You mean accept USB device address when the host does set_address()?

+/**
+ * usb_ep_alloc_request - allocate a request object to use with this endpoint
+ * @ep: the endpoint to be used with with the request
+ * @mem_flags: SLAB_* flags to use
+ *
+ * request objects must not be allocated except with this call, since they

change to:
  * request objects must be allocated only with this call, since they

+/**
+ * usb_set_halt - set or clear the endpoint halt feature.
+ * @ep: the bulk or interrupt endpoint being stalled or cleared
+ * @is_halted: nonzero value sets the feature, zero clears it.
+ *
+ * when a driver (or host) stalls an endpoint, it stays stalled until the
+ * host issues request to clear the endpoint halt feature, or the endpoint
+ * is disabled.
+ *
+ * returns zero, or a negative error code.
+ */
+static inline int
+usb_ep_set_halt (struct usb_ep *ep, int is_halted)
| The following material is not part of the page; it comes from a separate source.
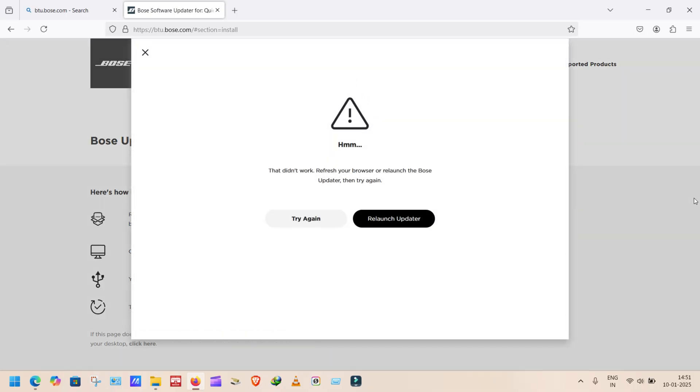Sometimes an error message showing in this page. Don't worry, click try again or refresh the web page.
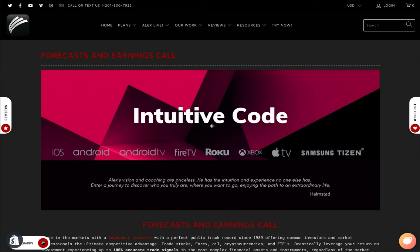Hi Alex here with Intuitive Code. Today I'm going to refer to one of the best companies to invest in the US stock market.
This function name sounds like it _sets_ is_halted (i.e., to 1).
Maybe usb_set_halt_state() instead?

+/**
+ * usb_get_frame - returns the current frame number
+ */
+static inline u16 usb_get_frame (struct usb_gadget *gadget)

I would slightly prefer usb_get_frame_number().

+ * usb_set_enable_sof - enables or disables start-of-frame callbacks
+ *
+ * this may be of the most interest to isochronous drivers; it arranges
+ * to call the driver's sof callback at the start of every frame except
+ * when the device has suspended.
+ *
+ * returns zero on success, else negative error code
+ */
+static inline int usb_set_enable_sof (struct usb_gadget *gadget, int do_call)

Likewise, sounds like it enables SOF callback, not sets the state of it.

However, this mostly addresses stuff that's easy to change, like you said.